(Captioned web image data)
# # #

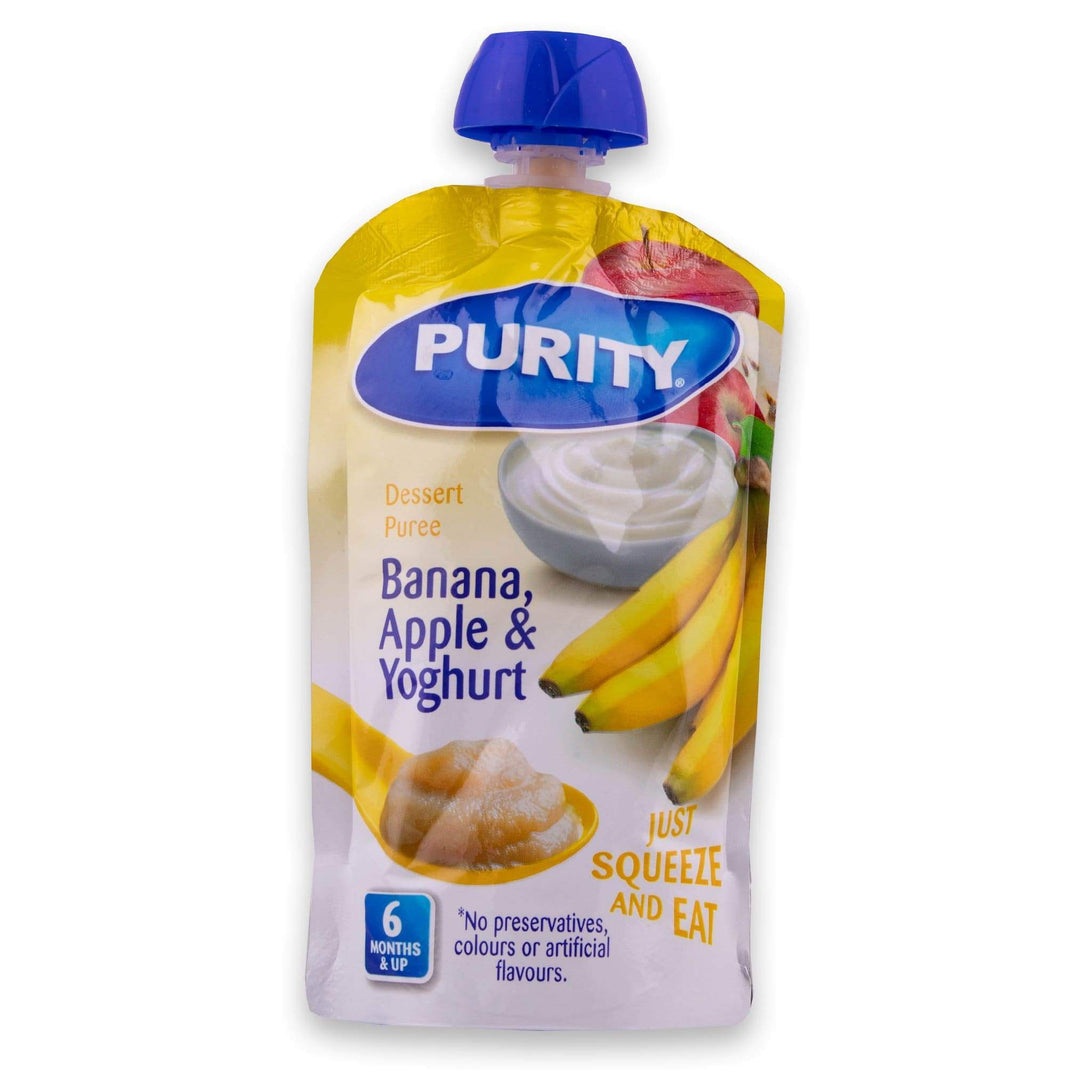 Purity, Food Pouches 110ml - Dessert Puree | From 6 Months - Cosmetic Connection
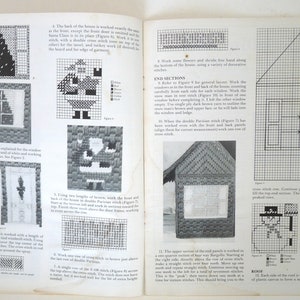N/A | Office | Vintage Needlepoint News Magazine Jul Aug 988 Patterns King Of The Jungle Cat 6696cb8b450b4218faca453c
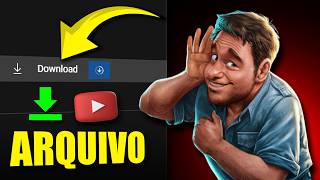 O ARQUIVO  Como baixar videos do YouTube [upl. by Warp]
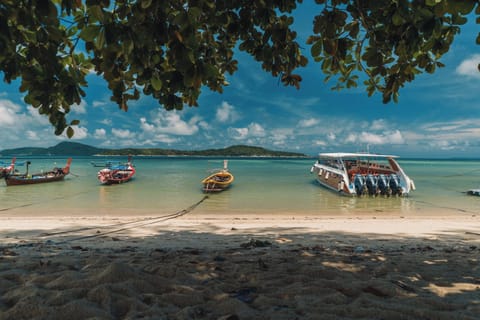 Beach nearby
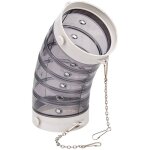 Tunnel fpi 4844 tube incurv� en plastique pour furets. variante fpi 4844 - misure: � 10. 5 x 25 cm - ...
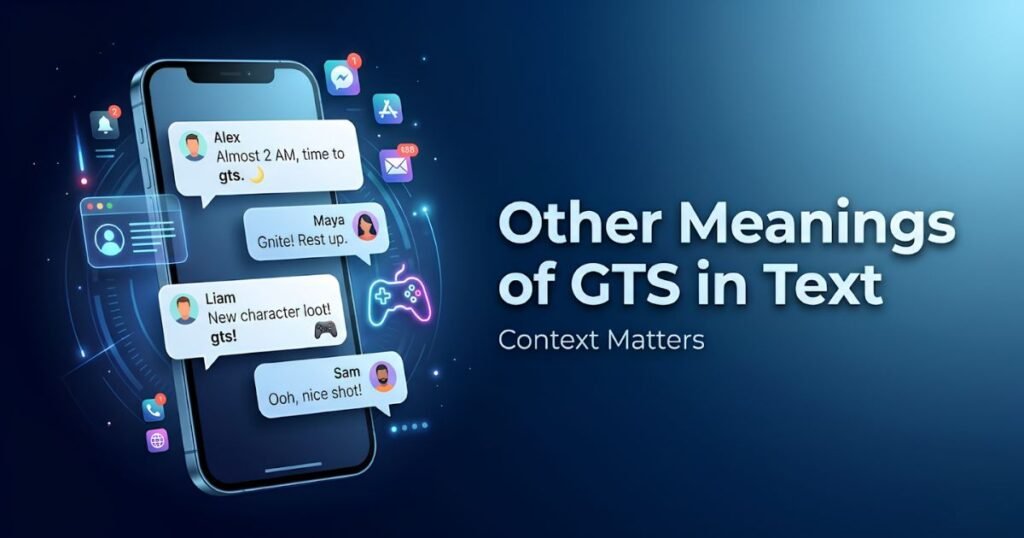 gts meaning in text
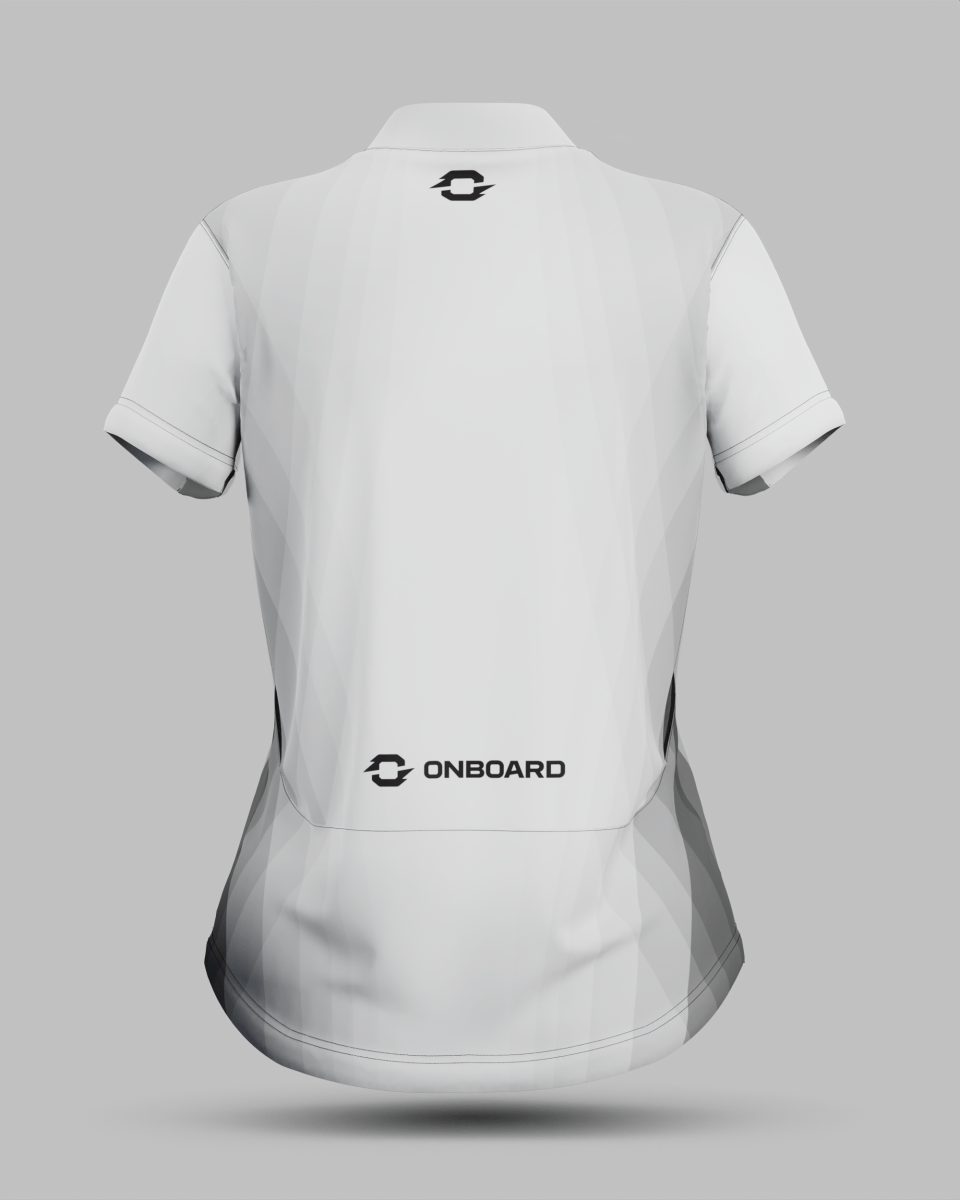 Womens Helsinki 2.0 Spark Jersey with Pocket - Onboard Sportswear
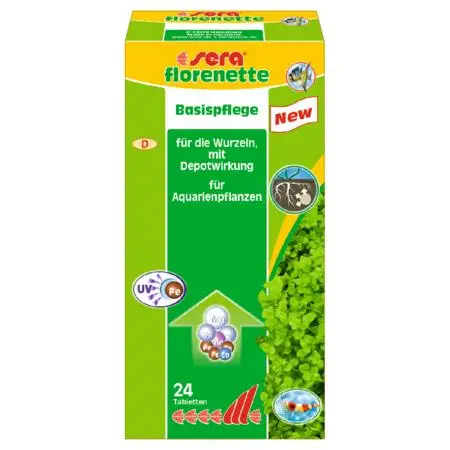 Sera Florenette para el Cuidado de las Plantas - 50 Pastillas50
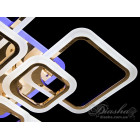 Люстра стельова LED Diasha A8060/4+4G, 145W, 3200K-6000K, золото, сучасний стиль для дому Люстра стельова LED Diasha A8060/4+4G, 145W, 3200K-6000K, золото, сучасний стиль для дому
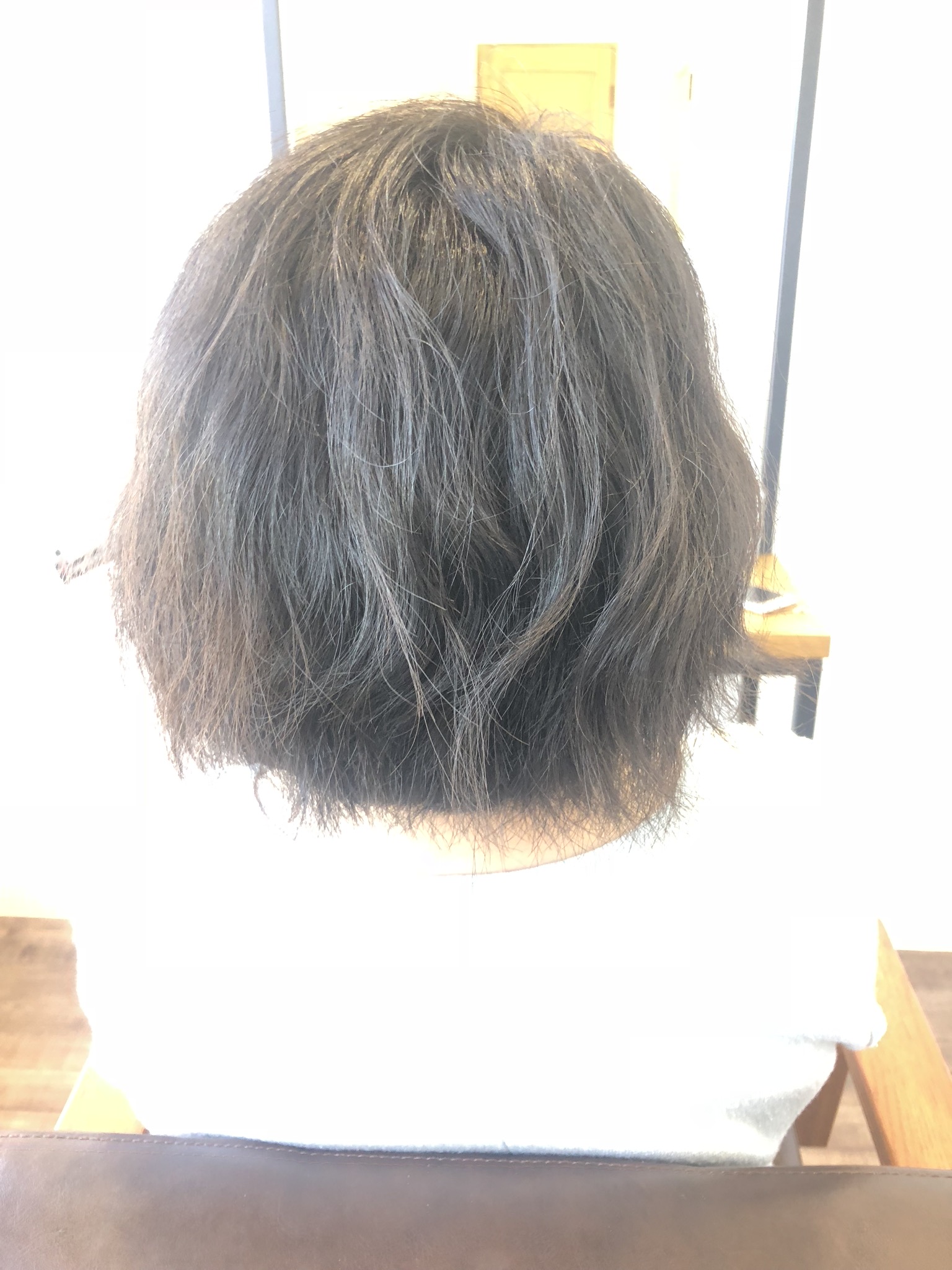 自然なストレートに（縮毛矯正）にしたい方はランガリにお任せください！　｜別府市　縮毛矯正が得意な美容室Rangali（ランガリ）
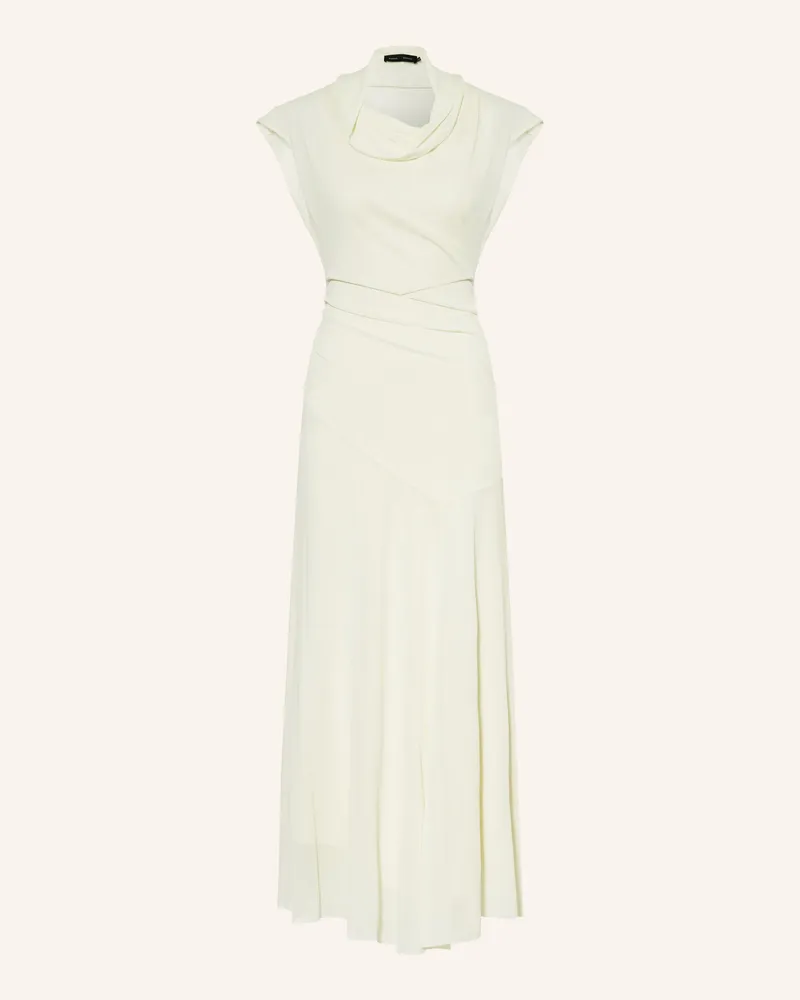 Proenza Schouler Kleid Tamara gelb Hellgelb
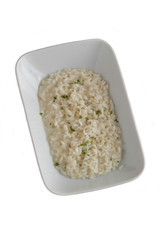 Rice with parsley
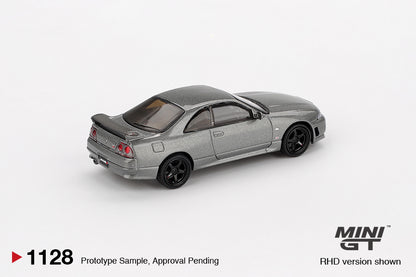 Mini GT 1:64 NISSAN Skyline GT-R Dark Metal Gray (NISMO BCNR33 CRS Version)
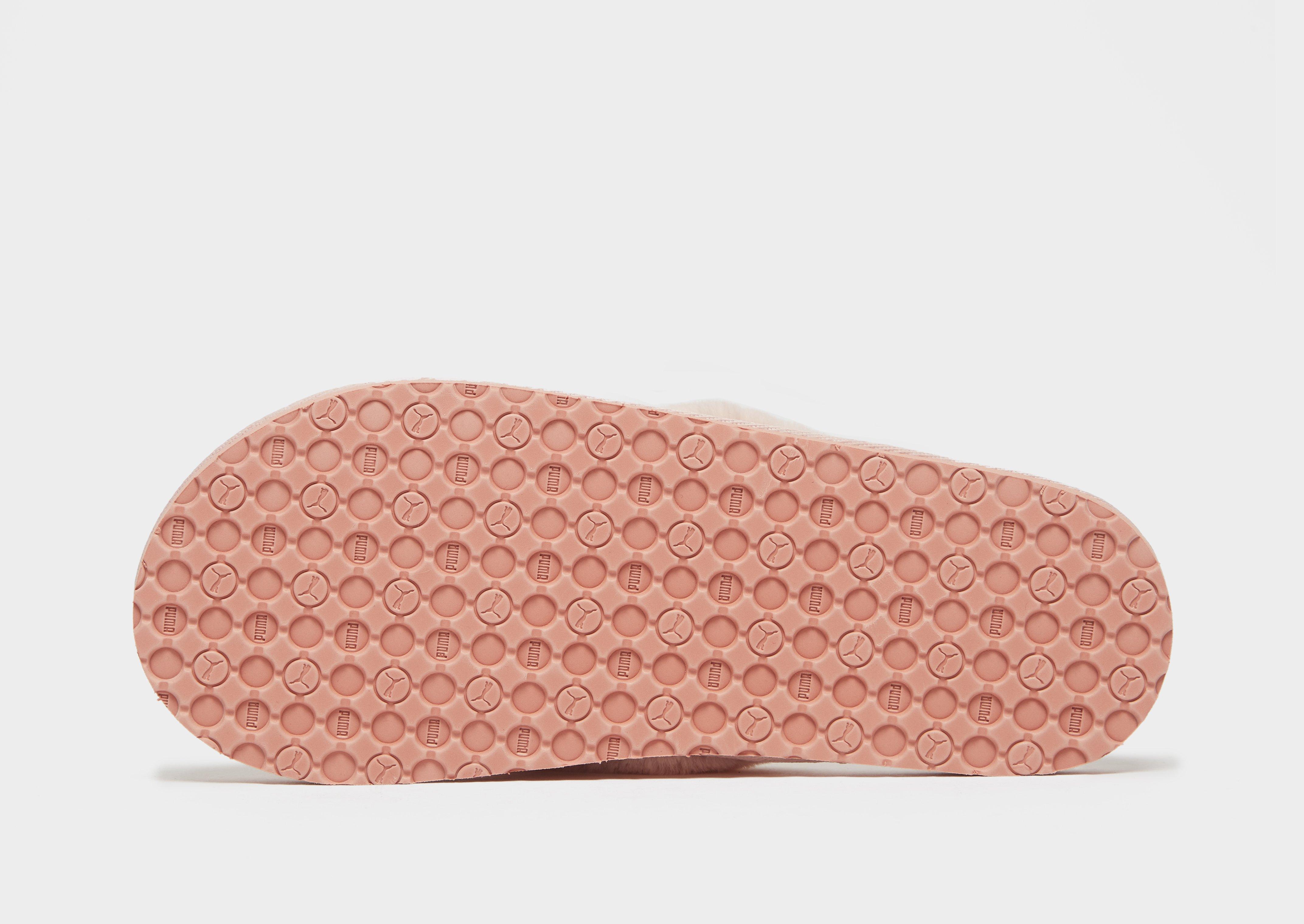 Детски чехли PUMA FLUFF FLIP FLOP  38535002 Розов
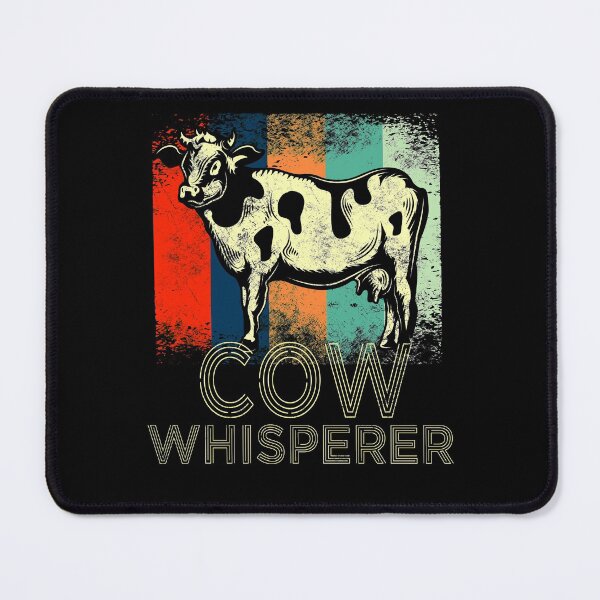 Item preview, Cow Whisperer Retro Vintage Distressed Funny Farming Dairy Farmer Cattle Rancher  designed and sold by niftee.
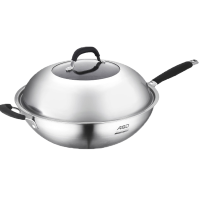 爱仕达晶钢甲不粘炒锅CC36E2Q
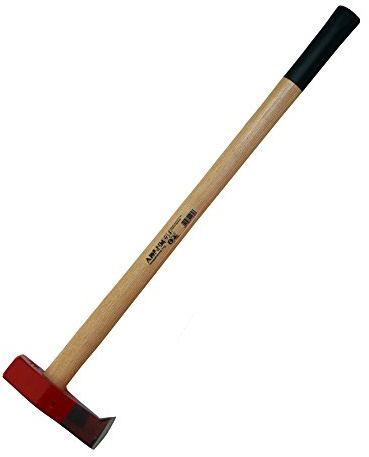 Holz-Spalthammer 3000 G, mit Stiel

# # #

* **What the task asks**: The records above must be repeated in full and exactly, but without any of the pictures.

* **Solution to this task**:
 Purity, Food Pouches 110ml - Dessert Puree | From 6 Months - Cosmetic Connection
N/A | Office | Vintage Needlepoint News Magazine Jul Aug 988 Patterns King Of The Jungle Cat 6696cb8b450b4218faca453c
 O ARQUIVO  Como baixar videos do YouTube [upl. by Warp]
 Beach nearby
 Tunnel fpi 4844 tube incurv� en plastique pour furets. variante fpi 4844 - misure: � 10. 5 x 25 cm - ...
 gts meaning in text
 Womens Helsinki 2.0 Spark Jersey with Pocket - Onboard Sportswear
 Sera Florenette para el Cuidado de las Plantas - 50 Pastillas50
 Люстра стельова LED Diasha A8060/4+4G, 145W, 3200K-6000K, золото, сучасний стиль для дому Люстра стельова LED Diasha A8060/4+4G, 145W, 3200K-6000K, золото, сучасний стиль для дому
 自然なストレートに（縮毛矯正）にしたい方はランガリにお任せください！　｜別府市　縮毛矯正が得意な美容室Rangali（ランガリ）
 Proenza Schouler Kleid Tamara gelb Hellgelb
 Rice with parsley
 Mini GT 1:64 NISSAN Skyline GT-R Dark Metal Gray (NISMO BCNR33 CRS Version)
 Детски чехли PUMA FLUFF FLIP FLOP  38535002 Розов
 Item preview, Cow Whisperer Retro Vintage Distressed Funny Farming Dairy Farmer Cattle Rancher  designed and sold by niftee.
 爱仕达晶钢甲不粘炒锅CC36E2Q
 Holz-Spalthammer 3000 G, mit Stiel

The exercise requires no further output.